» HOW TO COMPLETE THIS TASK
Copy the entries exactly. Leave nothing out and add nothing.

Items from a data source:
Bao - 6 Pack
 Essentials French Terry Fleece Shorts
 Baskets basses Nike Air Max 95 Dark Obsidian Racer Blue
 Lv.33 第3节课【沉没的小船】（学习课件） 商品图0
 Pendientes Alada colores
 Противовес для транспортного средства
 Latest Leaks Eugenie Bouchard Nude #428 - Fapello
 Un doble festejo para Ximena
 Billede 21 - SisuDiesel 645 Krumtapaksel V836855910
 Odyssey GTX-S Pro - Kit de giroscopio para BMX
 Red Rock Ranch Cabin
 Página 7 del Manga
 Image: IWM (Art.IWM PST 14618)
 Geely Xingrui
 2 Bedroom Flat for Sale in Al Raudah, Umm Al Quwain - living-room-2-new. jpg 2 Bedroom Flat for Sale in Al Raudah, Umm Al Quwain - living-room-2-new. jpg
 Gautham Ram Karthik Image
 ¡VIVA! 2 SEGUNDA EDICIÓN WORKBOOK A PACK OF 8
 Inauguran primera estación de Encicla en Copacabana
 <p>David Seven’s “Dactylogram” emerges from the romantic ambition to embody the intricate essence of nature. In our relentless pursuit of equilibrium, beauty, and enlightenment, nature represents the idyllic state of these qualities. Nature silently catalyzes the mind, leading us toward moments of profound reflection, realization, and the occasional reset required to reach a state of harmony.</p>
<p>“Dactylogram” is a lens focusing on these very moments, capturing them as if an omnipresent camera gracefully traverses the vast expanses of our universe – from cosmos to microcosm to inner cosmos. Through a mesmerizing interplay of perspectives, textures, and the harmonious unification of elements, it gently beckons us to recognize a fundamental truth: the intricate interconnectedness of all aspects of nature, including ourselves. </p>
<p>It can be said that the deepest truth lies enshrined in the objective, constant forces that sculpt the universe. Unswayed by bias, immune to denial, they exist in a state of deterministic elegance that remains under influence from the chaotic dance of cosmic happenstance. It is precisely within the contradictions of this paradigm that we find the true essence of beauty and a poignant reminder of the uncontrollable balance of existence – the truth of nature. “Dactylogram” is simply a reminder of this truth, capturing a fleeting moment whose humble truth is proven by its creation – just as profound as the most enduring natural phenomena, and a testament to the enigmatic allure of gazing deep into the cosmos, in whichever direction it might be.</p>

» ANSWER BELOW
Bao - 6 Pack
 Essentials French Terry Fleece Shorts
 Baskets basses Nike Air Max 95 Dark Obsidian Racer Blue
 Lv.33 第3节课【沉没的小船】（学习课件） 商品图0
 Pendientes Alada colores
 Противовес для транспортного средства
 Latest Leaks Eugenie Bouchard Nude #428 - Fapello
 Un doble festejo para Ximena
 Billede 21 - SisuDiesel 645 Krumtapaksel V836855910
 Odyssey GTX-S Pro - Kit de giroscopio para BMX
 Red Rock Ranch Cabin
 Página 7 del Manga
 Image: IWM (Art.IWM PST 14618)
 Geely Xingrui
 2 Bedroom Flat for Sale in Al Raudah, Umm Al Quwain - living-room-2-new. jpg 2 Bedroom Flat for Sale in Al Raudah, Umm Al Quwain - living-room-2-new. jpg
 Gautham Ram Karthik Image
 ¡VIVA! 2 SEGUNDA EDICIÓN WORKBOOK A PACK OF 8
 Inauguran primera estación de Encicla en Copacabana
 <p>David Seven’s “Dactylogram” emerges from the romantic ambition to embody the intricate essence of nature. In our relentless pursuit of equilibrium, beauty, and enlightenment, nature represents the idyllic state of these qualities. Nature silently catalyzes the mind, leading us toward moments of profound reflection, realization, and the occasional reset required to reach a state of harmony.</p>
<p>“Dactylogram” is a lens focusing on these very moments, capturing them as if an omnipresent camera gracefully traverses the vast expanses of our universe – from cosmos to microcosm to inner cosmos. Through a mesmerizing interplay of perspectives, textures, and the harmonious unification of elements, it gently beckons us to recognize a fundamental truth: the intricate interconnectedness of all aspects of nature, including ourselves. </p>
<p>It can be said that the deepest truth lies enshrined in the objective, constant forces that sculpt the universe. Unswayed by bias, immune to denial, they exist in a state of deterministic elegance that remains under influence from the chaotic dance of cosmic happenstance. It is precisely within the contradictions of this paradigm that we find the true essence of beauty and a poignant reminder of the uncontrollable balance of existence – the truth of nature. “Dactylogram” is simply a reminder of this truth, capturing a fleeting moment whose humble truth is proven by its creation – just as profound as the most enduring natural phenomena, and a testament to the enigmatic allure of gazing deep into the cosmos, in whichever direction it might be.</p>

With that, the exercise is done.